Pre-Show. Identities on Display / Positionen

Das Museum empfängt seine Gäste

Das Foyer als erweiterter Ausstellungsraum, persönliche Habseligkeiten als Museumsexponate und was es bedeutet, das Publikum mit sich selbst zu konfrontieren: Die Architektin Barbara Holzer, die Künstlerin Karin Sander und die Kuratorin Monika Zessnik im Gespräch über „Pre-Show. Identities on Display“.
Interview: Barbara Schindler

Mit dem Büro Holzer Kobler Architekturen waren Sie angefragt worden, einen Beitrag für das Humboldt Lab zu entwickeln. War anfangs schon klar, worauf der inhaltliche Fokus liegen wird?
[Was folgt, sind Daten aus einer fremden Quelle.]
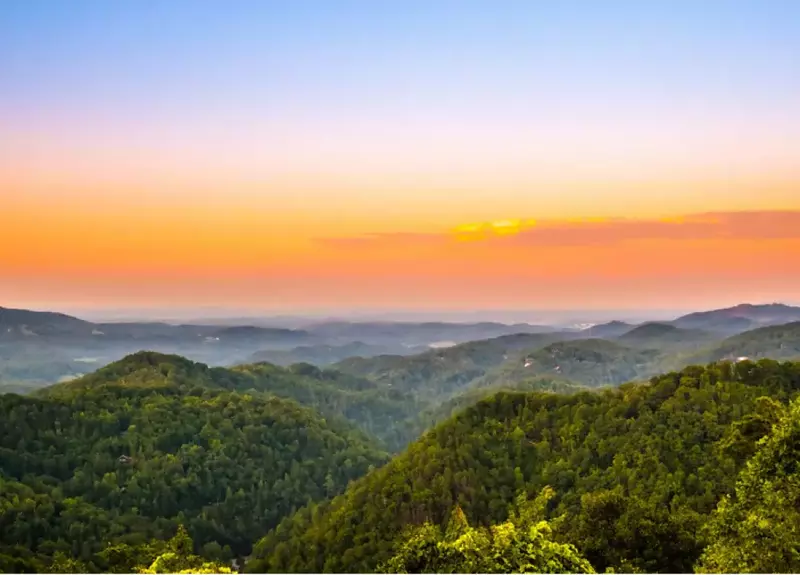 Forget Me Knot Cabin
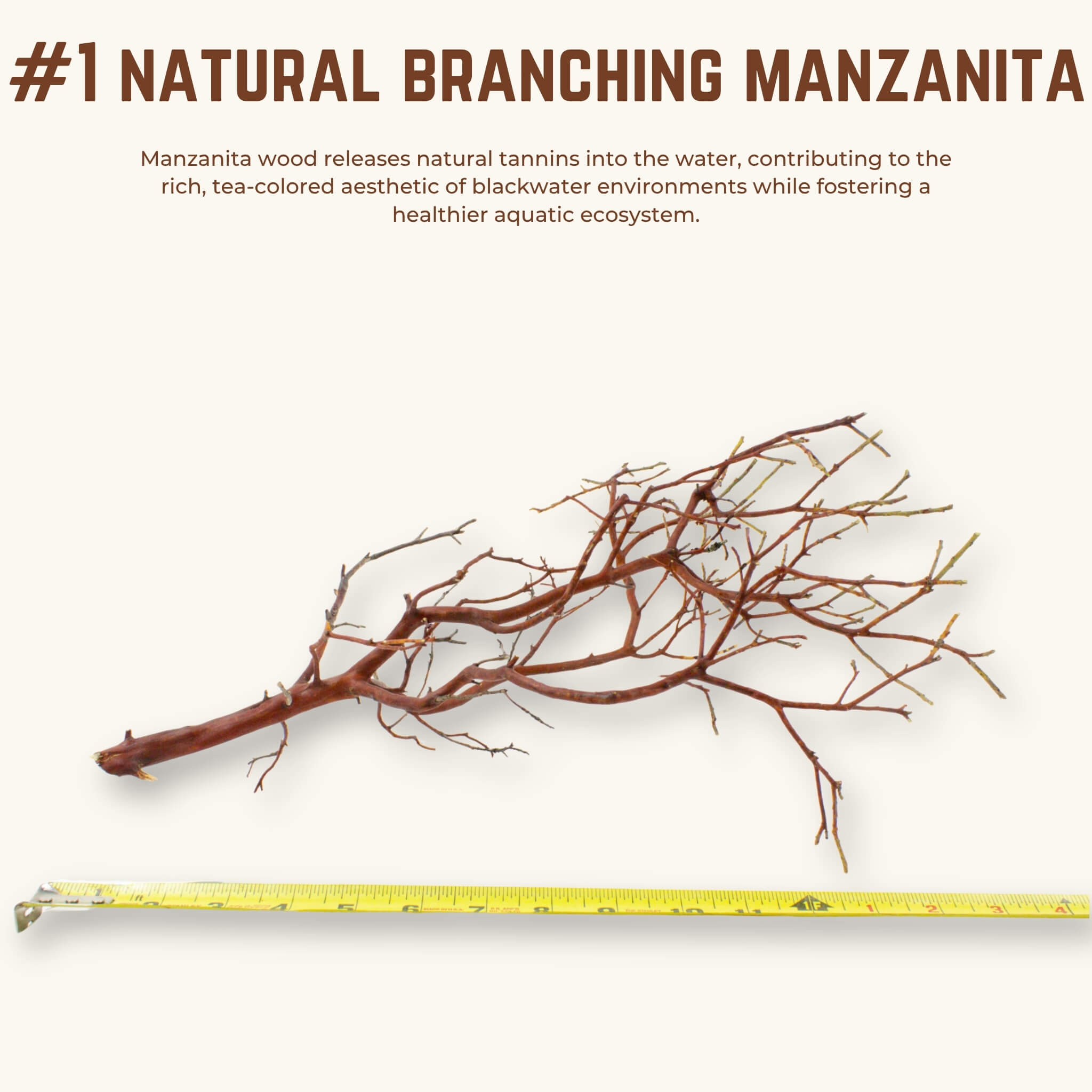 Natural Branching Manzanita | WYSIWYG Pieces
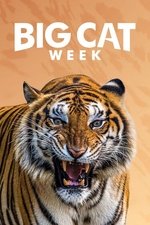 Big Cat Week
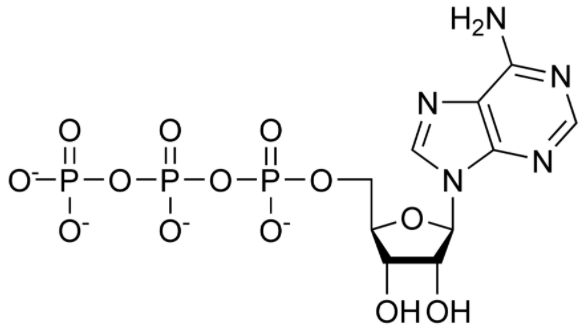 An ATP molecule.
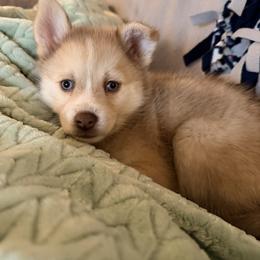 Pomsky Puppies from White Horse Pomsky's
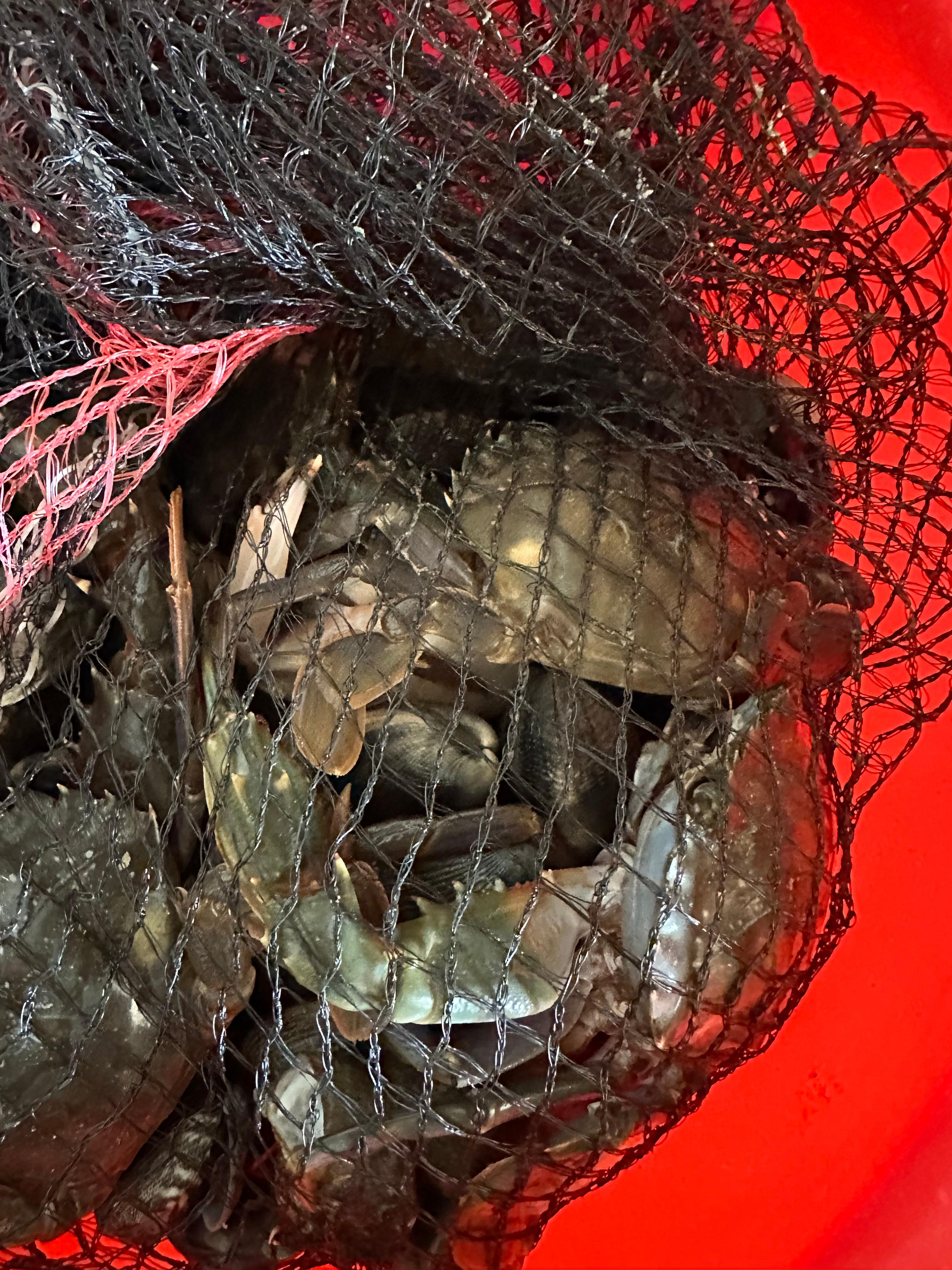 충남 보령, 대천, 무창포 여행 후기3(국내 가족 여행지 추천, 무창포 비체팰리스, 또다시 갯벌체험, 대천 맛집 부페, 점심 밥집 뷔페, 진짜 예쁜 카페 아르나, 분위기 좋은 카페 아르나, 한밤중 닭벼슬섬 산책, 대천항 수산시장 재방문, 찰광어회, 오징어회, 우성수산, 수연호수산, 무창포 비체펠리스, 오션뷰, 밥 해먹을 수 있는 숙소, 무창포 펜션)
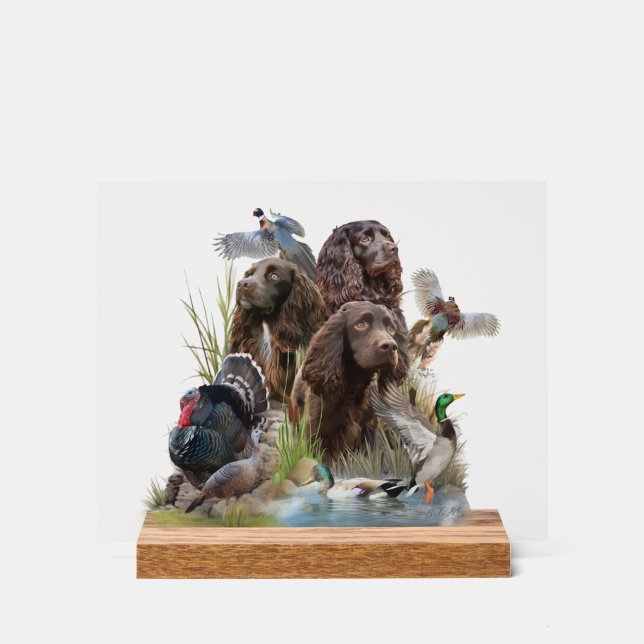 Señal Acrílica El Boykin Spaniel (Anverso)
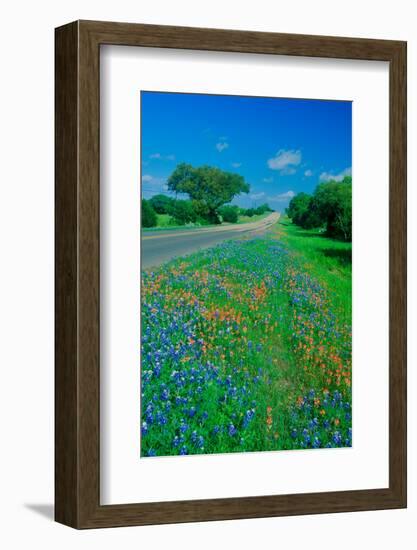 Field of bluebonnets in bloom Spring Willow City Loop Rd. TX-null-Framed Photographic Print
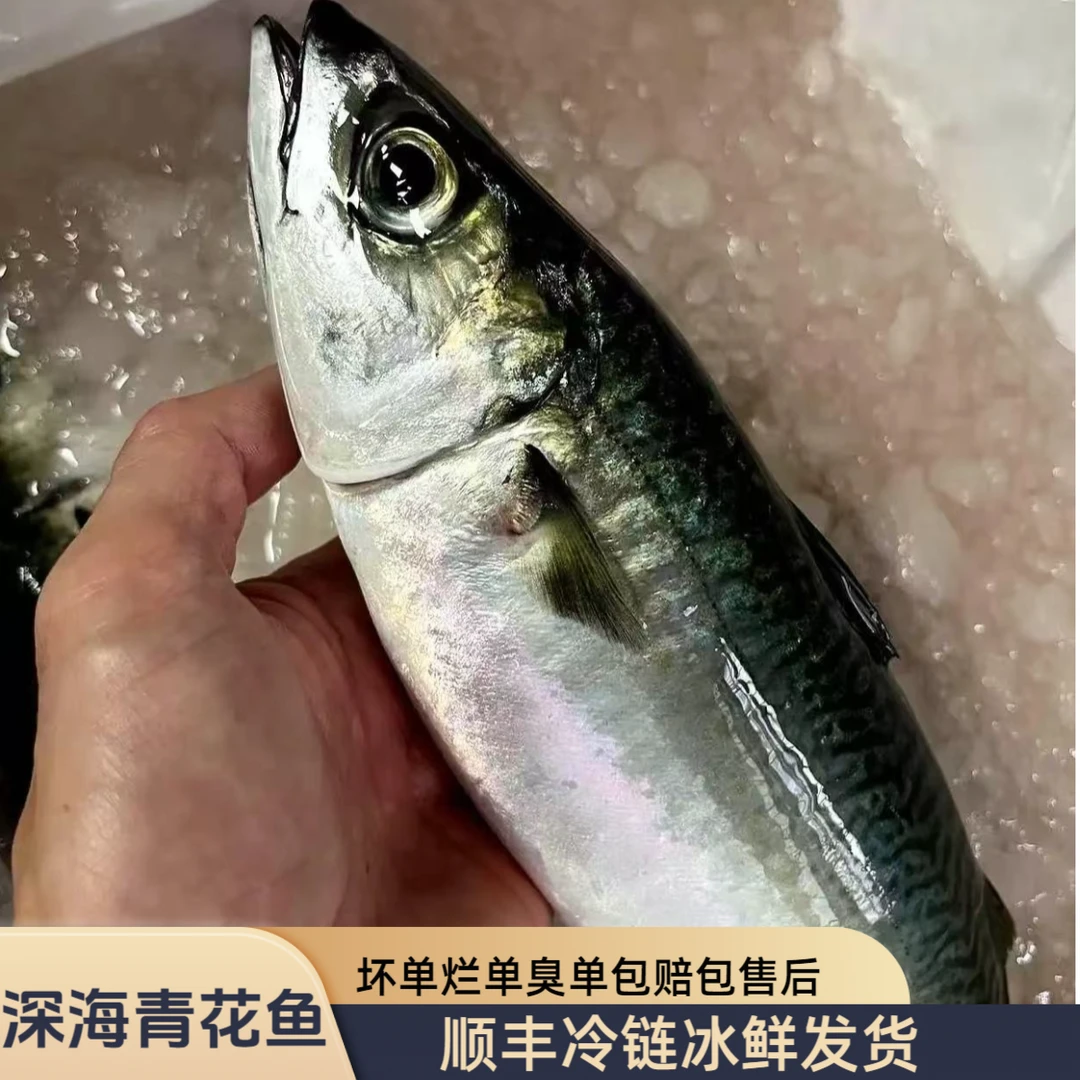 【当天新货】东山岛小船捕捞青占鱼花仙鱼鲐鲅鱼挪威青花鱼鲭鱼鲅鱼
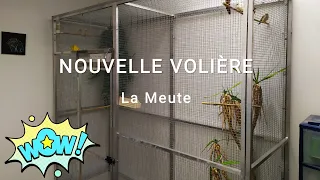 NOUVELLE VOLIÈRE POUR MES OISEAUX EXOTIQUES 😍🐦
Barbara Holzer: Die Grundidee entstand im Juni 2012, als wir von Martin Heller zum Workshop „Fragen stellen“ eingeladen wurden. Dabei interessierte mich speziell das Thema der „Einstiege“ in Museen: Wie kann man bei den Besuchern einen Switch von der Alltagswelt in andere Kulturen und Zeiten schaffen, und welche Bedeutung haben ethnologische Sammlungen heute? Als Folge dieser Diskussion interessierte es mich, einen solchen „Einstieg“ bzw. eine „Pre-Show“ zu diesem Thema zu entwickeln.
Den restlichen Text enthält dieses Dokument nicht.